## INFORMATION SUPPLIED
########

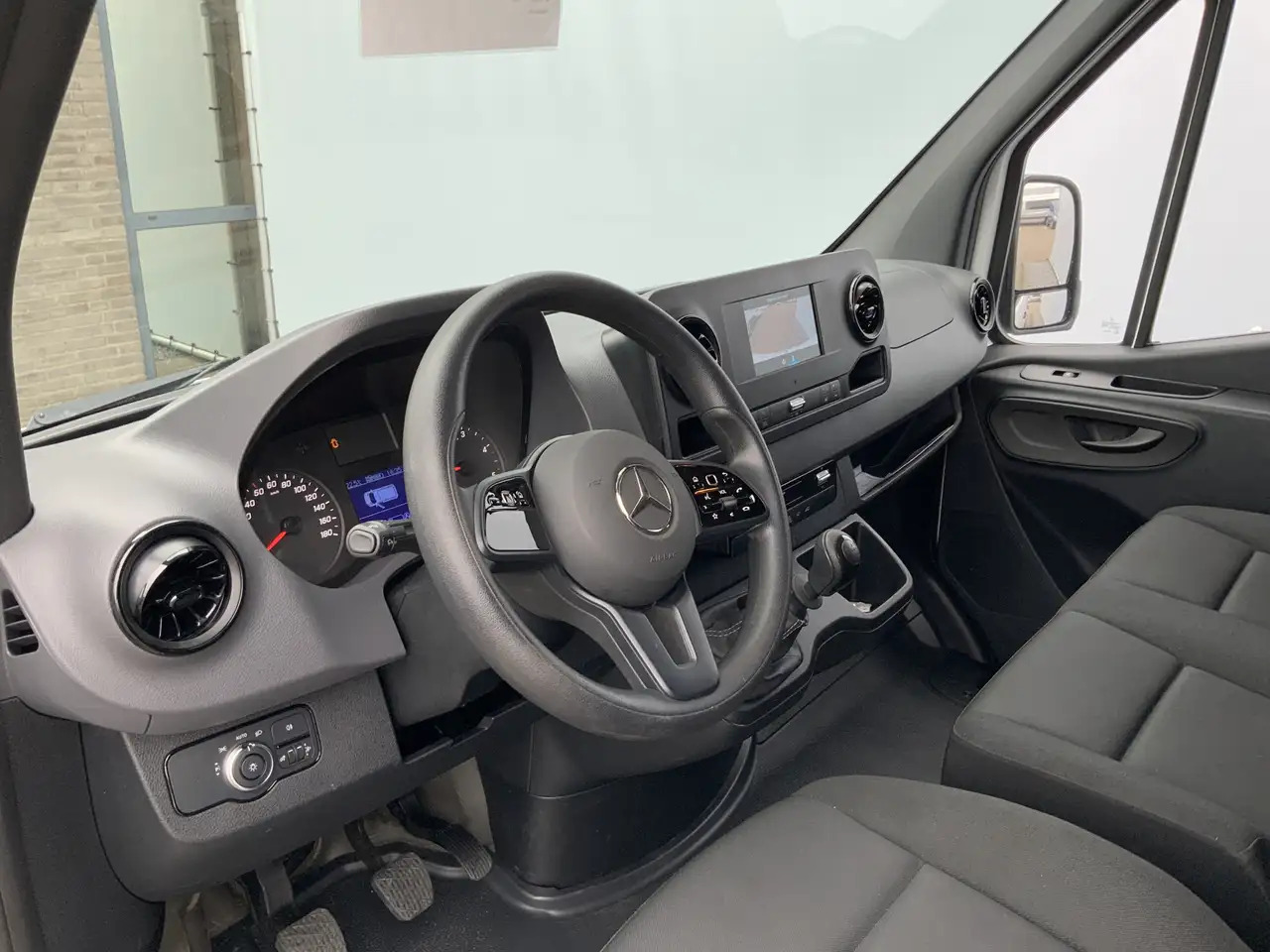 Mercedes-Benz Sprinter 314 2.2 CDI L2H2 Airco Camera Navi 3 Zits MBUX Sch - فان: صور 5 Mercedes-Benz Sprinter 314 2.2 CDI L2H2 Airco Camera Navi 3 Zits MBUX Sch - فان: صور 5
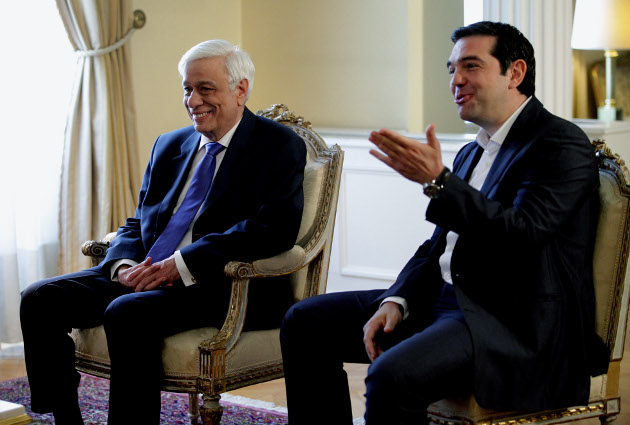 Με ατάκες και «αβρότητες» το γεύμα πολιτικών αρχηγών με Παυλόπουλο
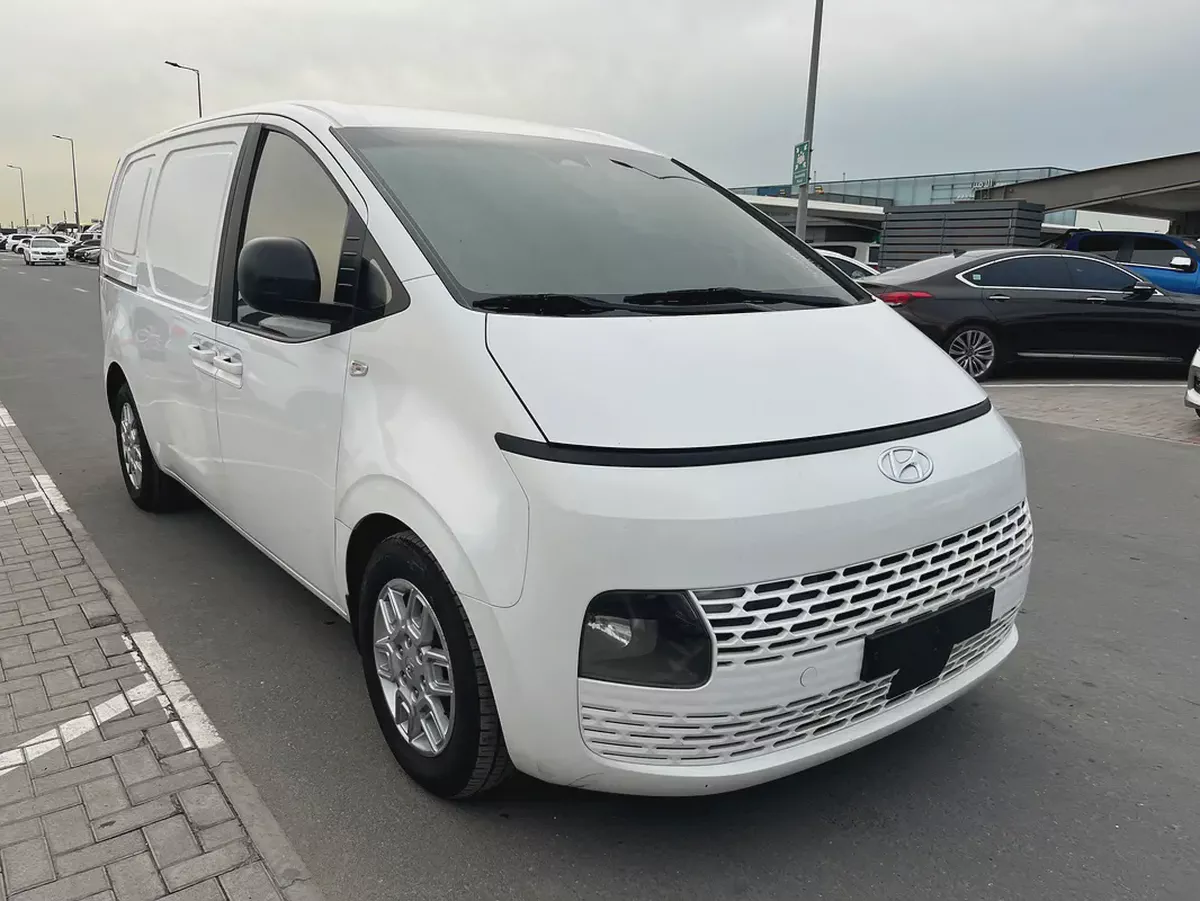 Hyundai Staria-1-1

########

## AIM OF THE EXERCISE
Exclude the pictures, and transcribe all of the material exactly.

## TASK OUTPUT
 Mercedes-Benz Sprinter 314 2.2 CDI L2H2 Airco Camera Navi 3 Zits MBUX Sch - فان: صور 5 Mercedes-Benz Sprinter 314 2.2 CDI L2H2 Airco Camera Navi 3 Zits MBUX Sch - فان: صور 5
 Με ατάκες και «αβρότητες» το γεύμα πολιτικών αρχηγών με Παυλόπουλο
 Hyundai Staria-1-1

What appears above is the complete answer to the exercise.